Discovering Genomics, Proteomics and Bioinformatics (2nd Edition) PDF: The Ultimate Resource for Bio

When the human genome project was conceived, its leaders wanted all researchers to have equal access to the data and associated research tools. Their vision of equal access provides an unprecedented teaching opportunity. Teachers and students have free access to the same databases that researchers are using. Furthermore, the recent movement to deliver scientific publications freely has presented a second source of current information for teaching. I have developed a genomics course that incorporates many of the public-domain databases, research tools, and peer-reviewed journals. These online resources provide students with exciting entree into the new fields of genomics, proteomics, and bioinformatics. In this essay, I outline how these fields are especially well suited for inclusion in the undergraduate curriculum. Assessment data indicate that my students were able to utilize online information to achieve the educational goals of the course and that the experience positively influenced their perceptions of how they might contribute to biology.

One reason for the increased need to access information is the impact that molecular approaches are having on all areas of biology. Molecular tools have integrated areas within biology previously considered distinct, such as biochemistry, ecology, genetics, and behavior. Biologists working in such different areas within biology now use overlapping information for different applications. With the advent of genomics and its allied fields of proteomics and bioinformatics, integrating information across many subdisciplines of biology is becoming increasingly important for research and teaching. Furthermore, many leaders in genomics, proteomics, and bioinformatics (referred to simply as genomics in this essay) are emphatic about the need to provide free access to data and to electronic research tools. This confluence of needs for information and interdisciplinary learning have led to a unique time in biology education.

Discovering Genomics, Proteomics and Bioinformatics (2nd Edition) download pdf

Most faculty lack formal training in genomics, but students are eager to learn about genomics and its impact. Faculty are quickly learning to incorporate various aspects of genomics into their curriculum, either by developing new genomics courses or by incorporating bits and pieces of data into existing courses. New editions of textbooks in many areas of biology are including genomic information. However, the field of genomics is more than a compilation of lessons learned. Genomics is a dynamic body of information that can be searched and explored by anyone with Internet access. By accessing online resources, teachers can bring more of the dynamic nature of genomics to students. I have developed a genomics course that I have taught twice (Fall semesters 2001 and 2002; Campbell and Heyer, 2003). This essay outlines some of the online resources my students used to discover genomics by actively exploring freely available research-quality data using bioinformatics tools (Figure 1).
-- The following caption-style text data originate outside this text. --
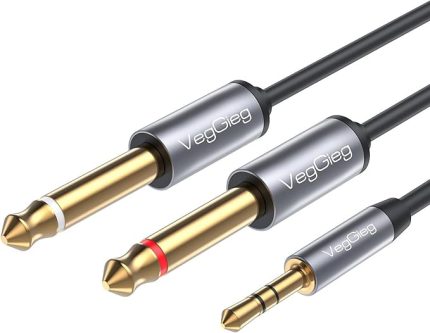 3.5mm to 6.35mm 2*Mono Amfi Enstrüman AUX Ses Kablosu 1.8 Metre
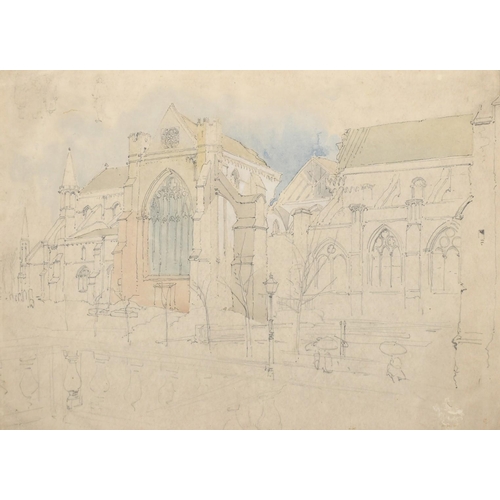 179 - Attributed to William Leighton Leitch (1804-1883), A sketch of Glasgow Cathedral, pencil and waterco... 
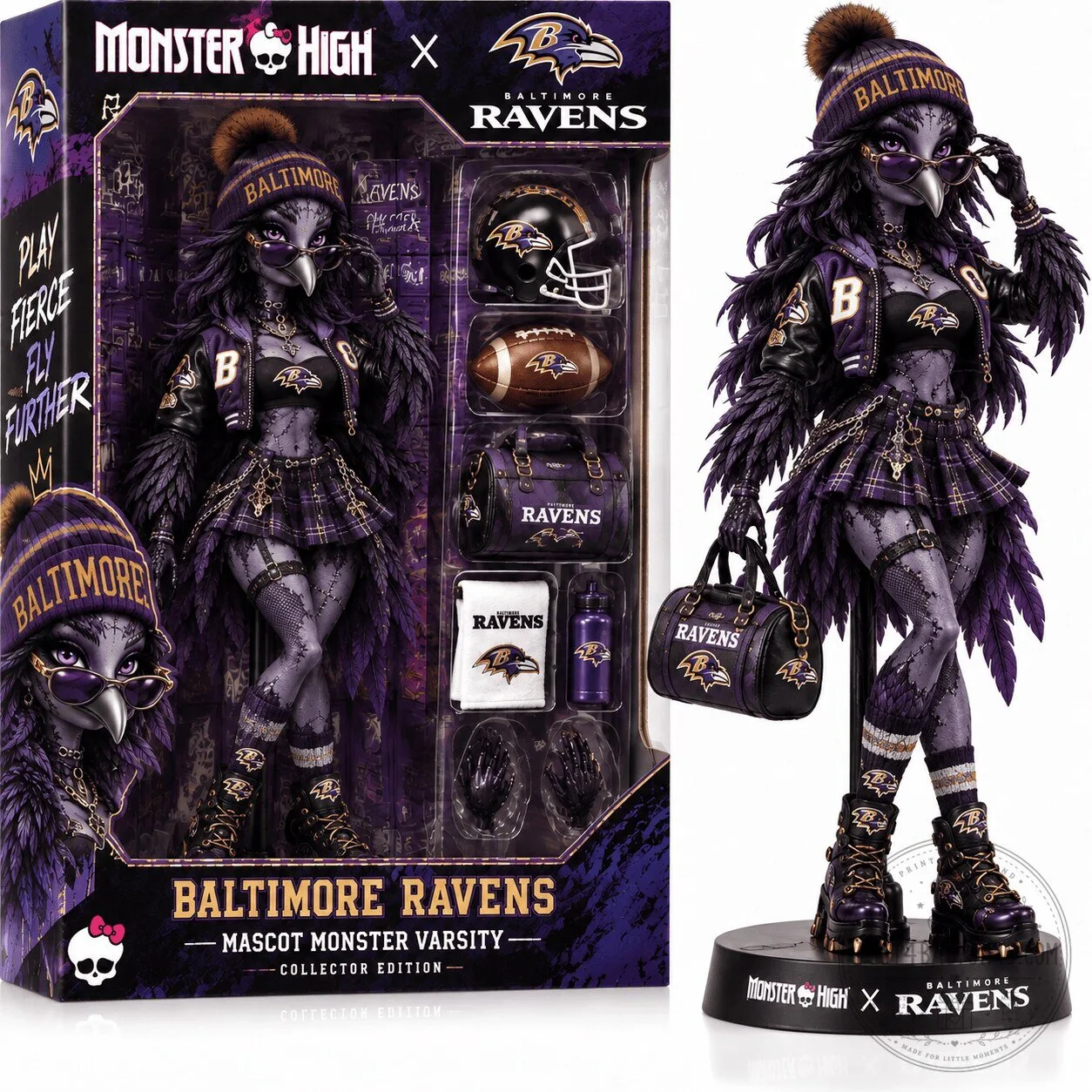 Monster High Baltimore Ravens Mascot Monster Varsity Collector Edition Figurine 2 Monster High Baltimore Ravens Mascot Monster Varsity Collector Edition Figurine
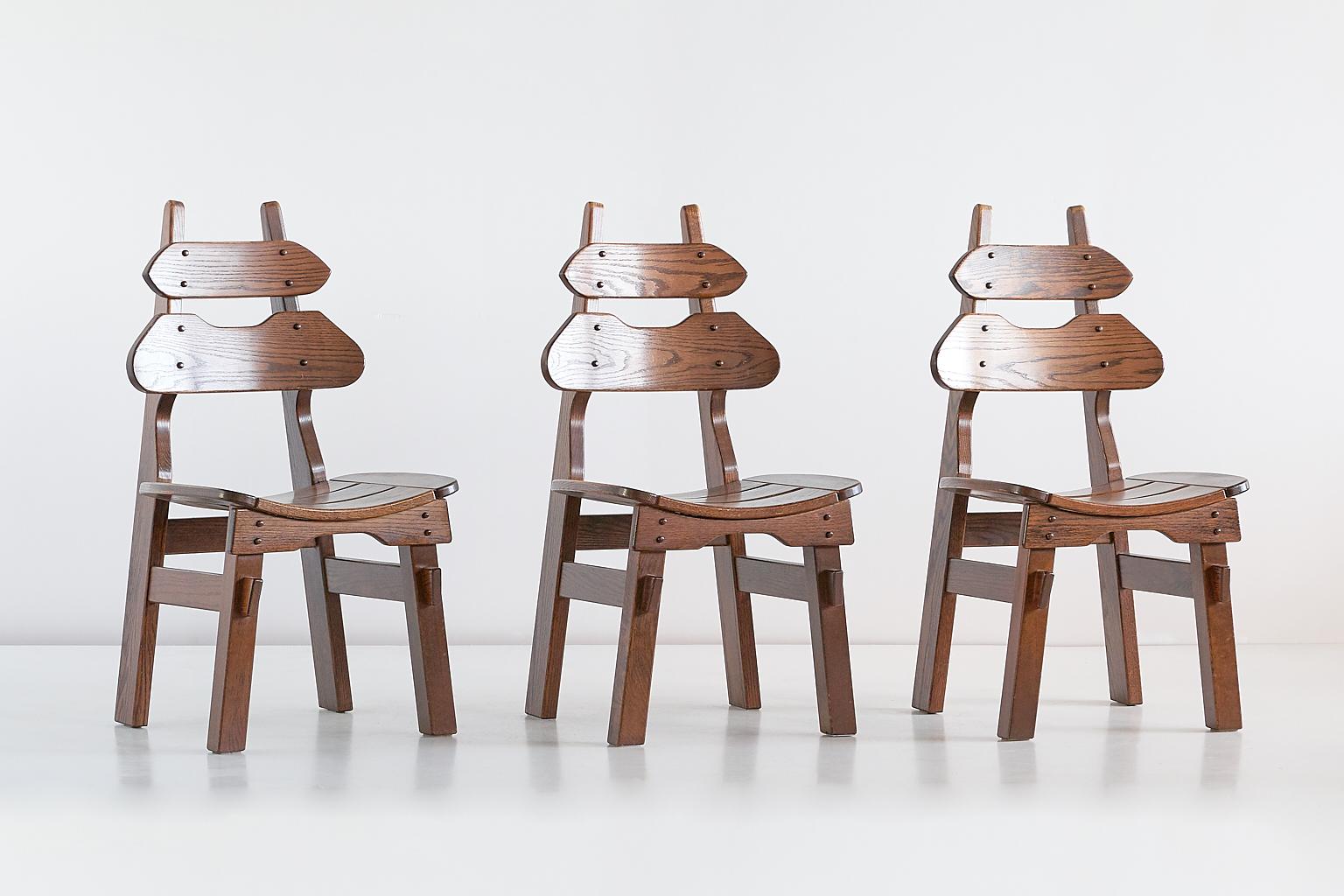 Set of Six Brutalist Dining Chairs in Solid Oak, Spain, 1970s 9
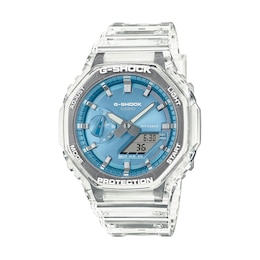 Men’s Casio G-Shock Analog Digital Clear Resin Strap Watch with Blue Dial (Model: GA2100BM-7A2)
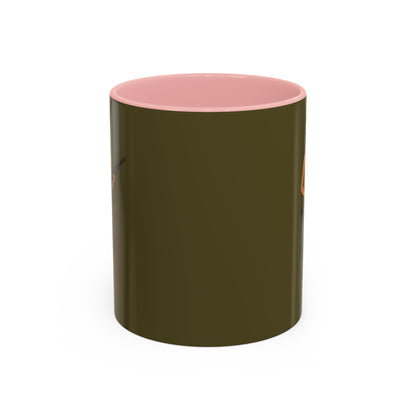 Hula Girl Packin' Heat Dark Green Accent Mug by theGreenDragonTavern.shop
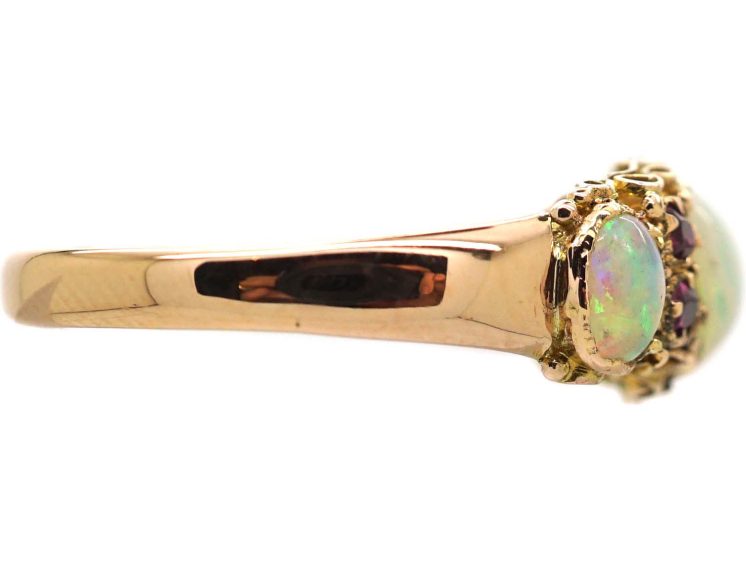Early Victorian 15ct Gold Three Stone Opal & Ruby Ring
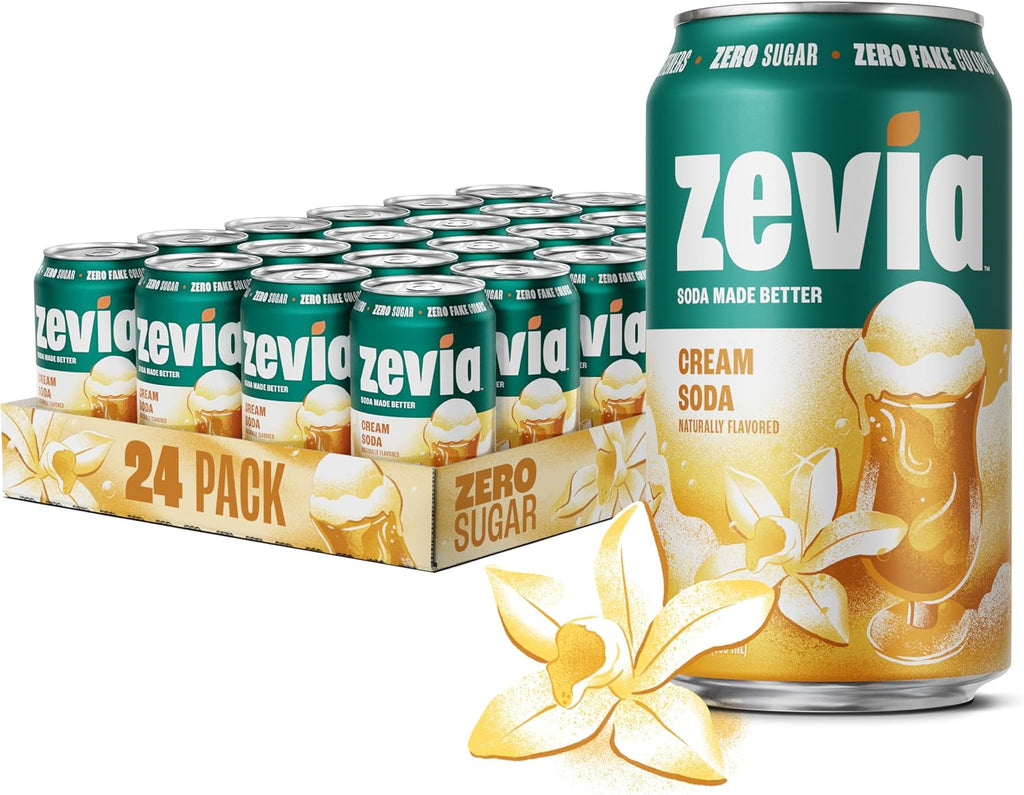 Zevia Zero Sugar Soda, Cream Soda, 12 oz Cans (24-Pack) – Naturally Sweetened, Non-GMO Project Verified, Gluten-Free, Vegan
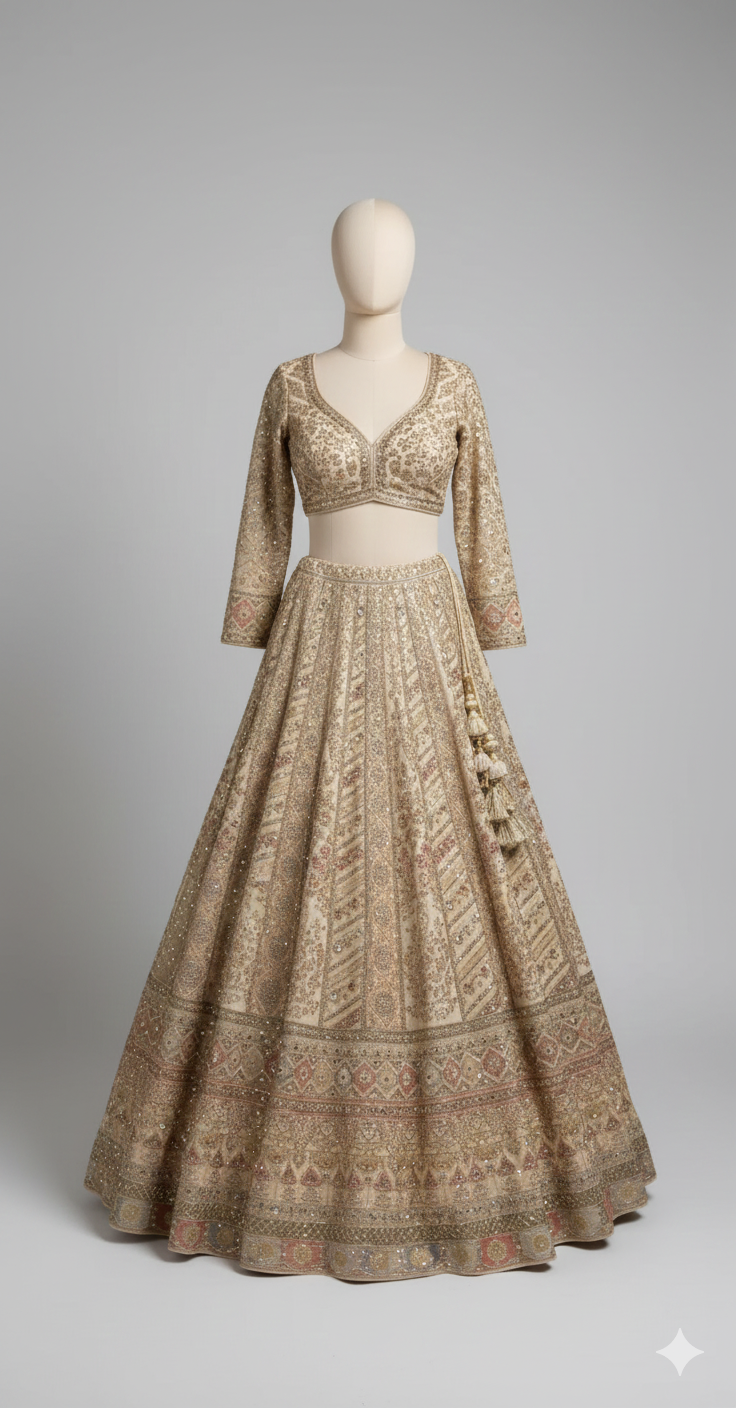 Detailed Ivory and Multi-Tone Embroidered Lehenga (LH-3117 D-19)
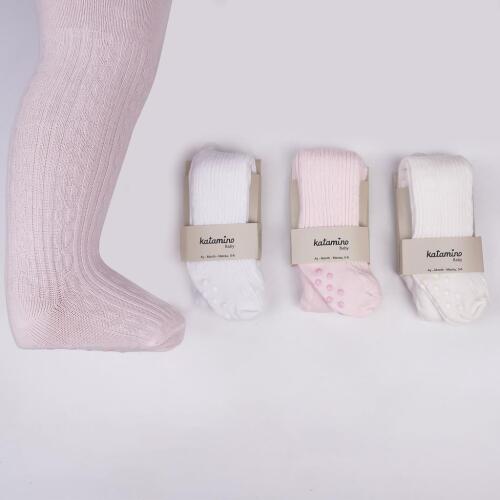 Toptan Fitova Abs'li Bebek Kız Kabartma Külotlu Çorap - 1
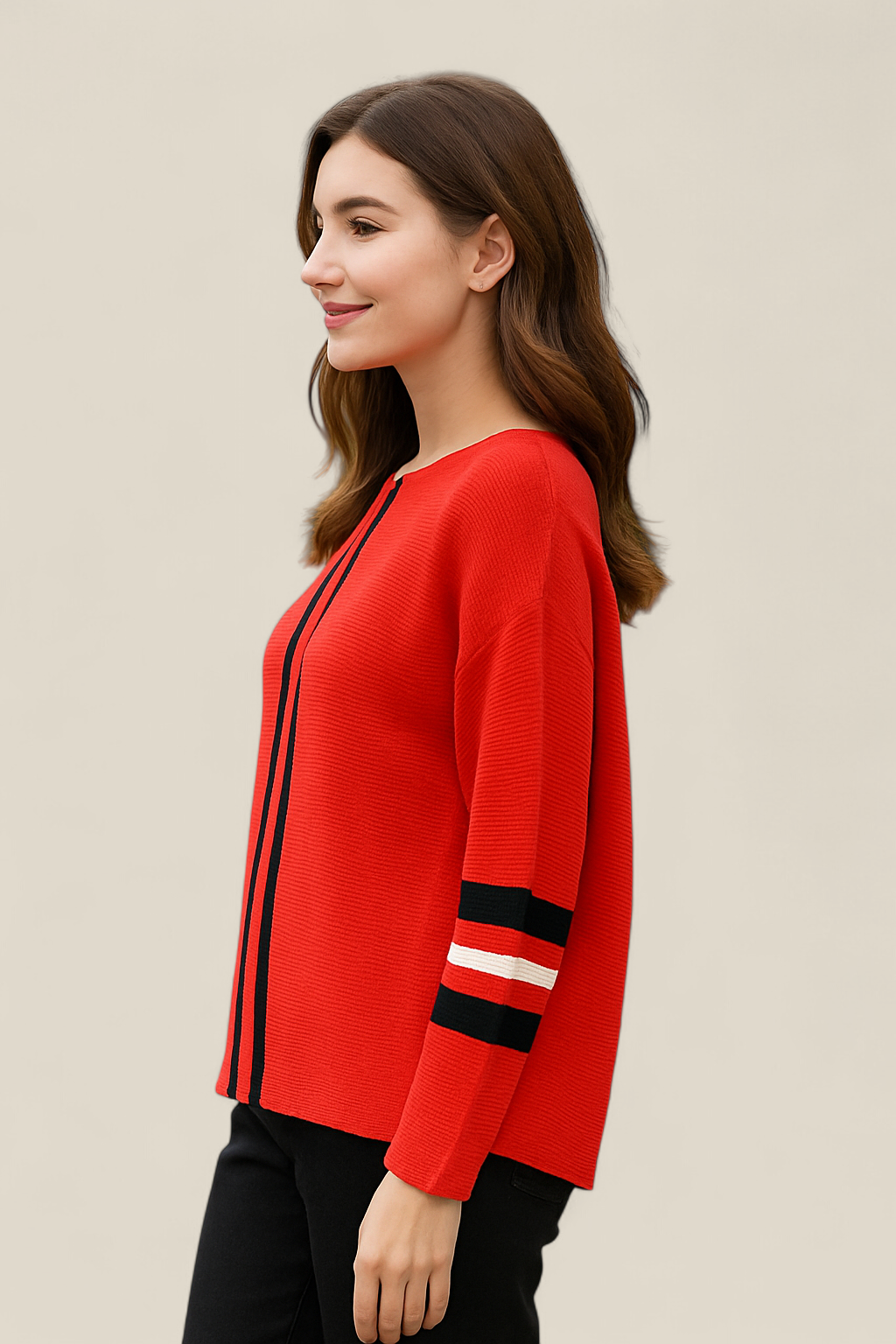 Women’s Vertical Stripe Jumper, Long Sleeve Casual Knit Top, Loose Fit Sweatshirt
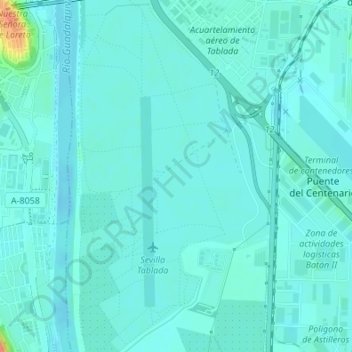 Mapa topográfico Dehesa de Tablada, altitud, relieve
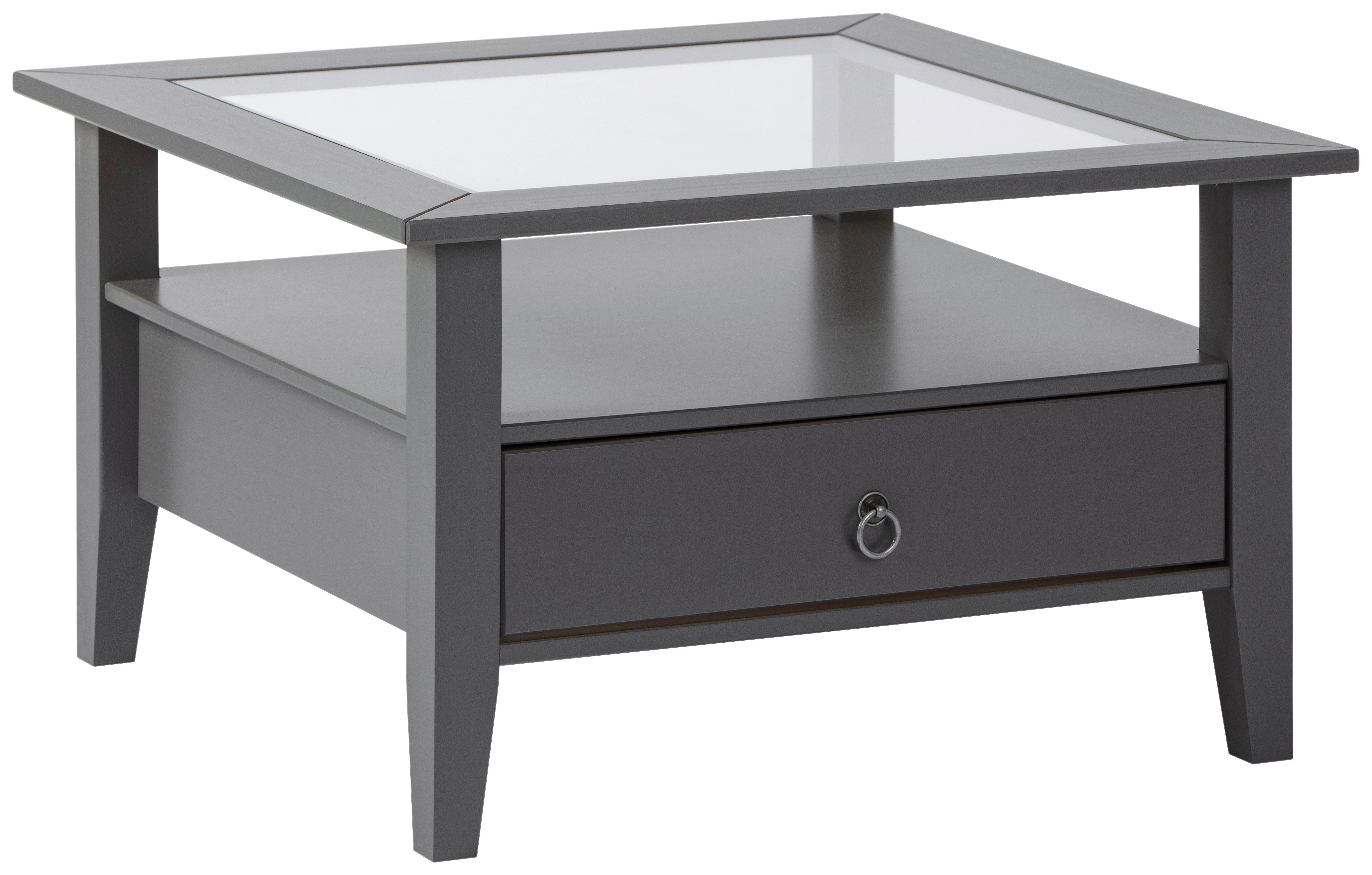 Couchtisch Holz Massiv Mit Schublade Provence, Grau - Grau, Basics, Glas/Holz (75/75/45cm) - MID.YOU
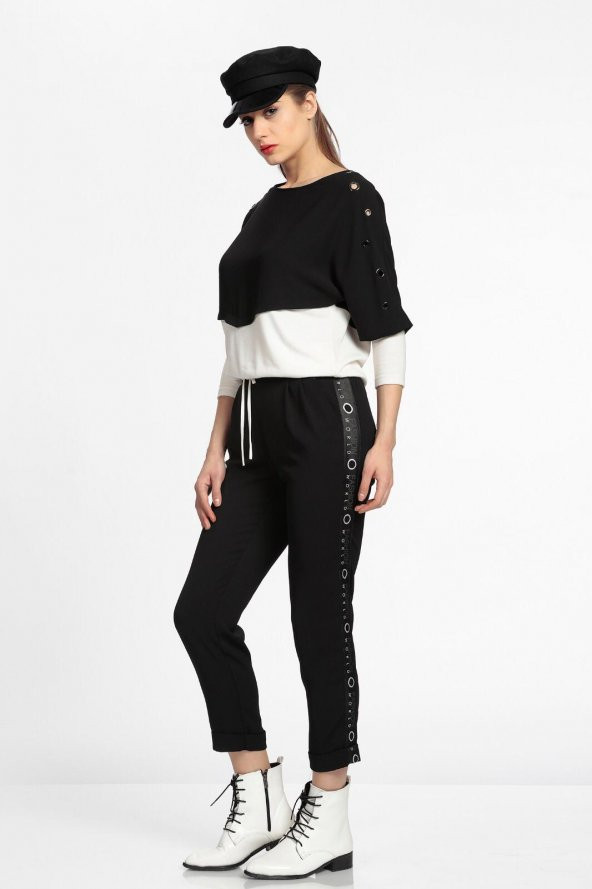 SAY KOLLARI KUŞ GÖZLÜ BAYAN BLUZ - 1911006 SİYAH - 2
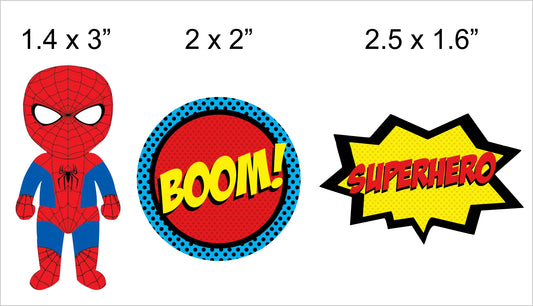 Super Hero Theme Birthday Party Cupcake Toppers for Decoration 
Over the next few years, many institutions will teach genomics. Departments will have to decide whether to blend genomics into existing courses (the way many have done with genetics and molecular biology) or to create new courses. This choice raises an interesting question: Is a genetics course still genetics if it also covers molecular biology, genomics, proteomics, and bioinformatics? At some level, the question of course title is semantics, but for an individual department, the question may require creative solutions when the number of course offerings is limited. Should a separate course in genomics be offered? Based on my experience, student learning outcomes, student self-evaluations, and postgraduate career choices, genomics merits the resources needed to offer independent courses. Perhaps a student response provides the best rationale for creating new genomics courses:

As you begin this semester, reflect upon your knowledge in the areas of genomics, proteomics, and bioinformatics. What are your expectations for this class? How do you view yourself within the larger context of biology?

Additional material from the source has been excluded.